The Senate could soon vote to establish an election crimes investigations unit, ban ranked-choice voting, change vote-by-mail forms and more.
After more than two hours of discussion, the Senate Appropriations Committee voted nearly along party lines Thursday to send an elections bill (SB 524) that contains several of Gov. Ron DeSantis’ “election integrity” priorities to the Senate floor. Despite bipartisan agreement the 2020 election was possibly the smoothest in Florida’s recent history, the bill is Republicans’ second follow-up measure to strengthen Florida’s voting laws.
The legislation, sponsored by St. Augustine Republican Sen. Travis Hutson, proposes many changes to several areas of Florida election laws.
“I don’t want one illegal vote in the state of Florida, and I don’t think we should be afraid of our elections being too secure,” Hutson told the committee.
Gulf Breeze Republican Sen. Doug Broxson suggested the measure is insurance for the future rather than a reaction to the past.
“We’re really looking to the future, to the reality of what seems to be a changing landscape across the country on election procedure,” Broxson told the committee.
But Democrats, like Jacksonville Sen. Audrey Gibson, contested the bill’s purpose.

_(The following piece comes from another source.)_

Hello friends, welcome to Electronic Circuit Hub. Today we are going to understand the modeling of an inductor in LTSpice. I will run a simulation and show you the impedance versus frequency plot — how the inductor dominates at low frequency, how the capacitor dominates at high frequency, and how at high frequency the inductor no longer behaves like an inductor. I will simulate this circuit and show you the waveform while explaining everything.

“All this is stoking fear. It is wanting to cause division, not only in this state, but in this country,” Gibson said.
Hutson’s bill would create the Office of Election Crimes and Security within the Department of State, which receives and investigates complaints about voter fraud.
Per the Department of State’s recommendation, Republican leadership wants to staff the office with 15 employees to investigate election crimes. But North Miami Beach Democratic Sen. Jason Pizzo, a former prosecutor, said many employees would suggest there are thousands of voter fraud cases in Florida. The Department of State’s voter fraud hotline received more than 200 calls during the 2020 election cycle, Hutson said.
“Does the Governor and the Secretary of State not think — … maybe in retrospect because of this bill — that the 2020 election was not as smooth and, let’s say, kosher as it should have been?” Pizzo asked.
A previous version of the bill would have required voters to put the last four digits of their Social Security, driver’s license or state-issued ID card on a voter identification form that is signed to send with vote-by-mail ballots. However, Hutson removed that provision with an amendment.
The amendment also adds a fine to organizations if a person collecting voter applications on its behalf changes someone’s party affiliation without consent. The fine is $1,000 per altered application.
That followed reports that party registration of elderly Democrats in Sen. Annette Taddeo’s Miami-Dade district were changed to Republican without their knowledge or permission.
Several members of the public who testified in favor of the bill argued voter fraud is prevalent. At least one argued the Democratic Party is largely responsible for perpetuating fraud, including by door-to-door canvassing.
The bill would increase the penalties on organizations that violate election registration laws from $1,000 to $50,000.
Additionally, it asks supervisors of elections to annually maintain voter roll lists instead of every two years, another of DeSantis’ requests.
Democratic lawmakers have noted the call to strengthen election security came from DeSantis and Republican lawmakers, not election supervisors. Gibson said there is not a conspiracy among supervisors of elections, Democratic or Republican, to cover fraud.
“There is no party that has a monopoly on fraud. That just does not happen. That just does not exist,” she said.
DeSantis has continually railed against ballot drop boxes, which he authorized as part of a 2019 election law package (SB 7066) despite his objection to the provision. This year’s bill is a follow-up to a measure he signed in May (SB 90) to more tightly enforce how elections offices use and monitor them.
The new legislation also would ban local governments from implementing ranked-choice voting to avoid local election runoffs.
Sarasota voters in 2007 approved a charter amendment that called for ranked-choice ballots whenever the state Division of Elections certified a system for use. More than 77.6% of voters endorsed the measure.
The bill also prohibits supervisors of elections from using private donations to operate elections. DeSantis has called those donations “Zuckerbucks,” referring to Facebook founder Mark Zuckerberg.
The House version (HB 7061), carried by Miami Republican Rep. Daniel Perez, also is ready for a vote on the House floor.
The committee also approved a separate bill from Hutson (SB 144) that would open the door to free ID cards for people facing financial hardships as well as to people who are 80 years old and have been denied driving privileges because of a failed vision test. The Department of Highway Safety and Motor Vehicles (FLHSMV) could not ask people facing financial hardship to prove it, but those people would have to present valid Florida voter registration cards.
FLHSMV already waives the $25 application, renewal and replacement fees for homeless people and youth, people living at or below the poverty line, and inmates and juvenile offenders.
The House version (HB 7063), also carried by Perez, awaits a hearing before the House Appropriations Committee.